For startups, one of the initial keys to success is obtaining enough financing to get off the ground and moving. But with so many different financing options – and a wide swatch of terms from lender to lender – knowing which route to pursue isn’t always obvious.
Common Startup Financing Options
It used to be that small businesses only had one or two banks to choose from. In today’s marketplace, there’s a diverse array of financing options just waiting to be tapped. Here are a few of the most common:
- Small business loans. While they’ve become increasingly difficult to obtain, traditional small business loans from banks and credit unions may offer you the funding you need to get your business moving in the right direction.
- Online lending. The rise of the internet has given way to online lending, which is much faster and more convenient than going through a brick and mortar lender. They also play by their own rules, which means they tend to be more lenient with their approval requirements.
- Friends and family. Not every entrepreneur has a personal network of people who can fund their business venture, but friends and family are often a good resource when you need small amounts of money.
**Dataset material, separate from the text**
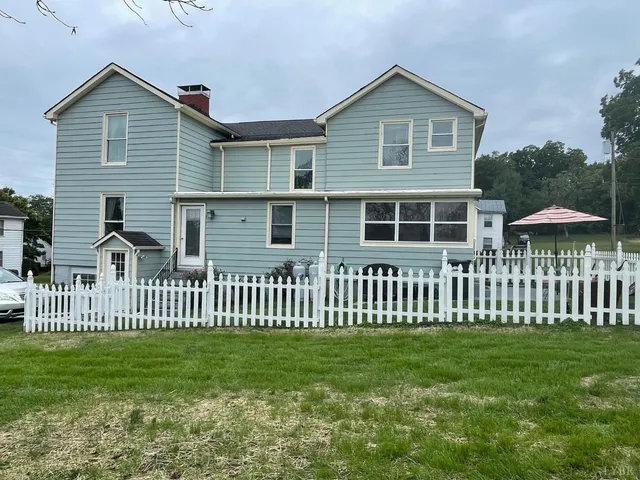 a view of a livingroom with furniture window wooden floor and front door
- Hard money loans. Even if you don’t want to ask friends and family, you can still get hard money loans from private investors in your area. These people don’t always advertise their services, so you’ll probably have to network to identify possible suitors.
- If you have a particularly compelling product that you think may have mass appeal, crowdfunding lets you raise money without having to pay it back.
If you’re in a specific industry – such as science, health, or technology – you may find different government grants from the Small Business Administration, Small Business Innovation Research, or Small Business Technology Transfer programs.
4 Factors to Consider When Vetting Options
While it’s good to have options, you have to spend time comparing all of the funding products you have available so you make the smart choice. Here are a few factors you’ll want to consider:
- Application Process
Most people fail to consider the application process of various financing options until they’re already in the middle of it. By considering it ahead of time, you can save yourself time and frustration.
If you’re looking for ease and convenience, online lending is probably your best bet. Companies like Nationwide Corporate Finance are known for simplifying startup loan applications and helping people get approved with as little friction as possible – often in hours. Compare that to a bank, which could take days or weeks.
- Financing Terms
When you dig into the proverbial meat and potatoes of startup funding, you’re forced to confront the specific terms of the financing deal. Some of the things you’ll want to compare include loan amounts, interest rates, repayment terms, and how the money can be spent.
A lot of entrepreneurs make the mistake of only comparing interest rates, which is very shortsighted. The other terms above have just as much, if not more, of an impact on a startup. You want as much flexibility and leeway as possible. Issues always emerge in the early stages of the startup lifecycle, and you don’t want to feel undue pressure.
- Hands-On vs. Hands-Off
Are you only looking for money – or do you also want some help and advice? If you’re looking for the latter, you’ll need to work with someone like an angel investor or venture capitalist who offers guidance as a part of the deal. If you don’t care about this, a more traditional loan will work.
- Comfort Level
Intuitively speaking, you have to listen to your heart and make a determination regarding which financing options are most comfortable. In other words, what does your gut say? While you don’t want to make a decision on gut feelings alone, this is often the tipping point.
Give Your Startup a Strong Foundation
Startup funding isn’t something you can afford to take lightly. Whether you realize it or not, the choices you make now will have long-term consequences on the health and viability of your business venture.
Give your company a stable foundation by meticulously vetting each of your options and choosing accordingly.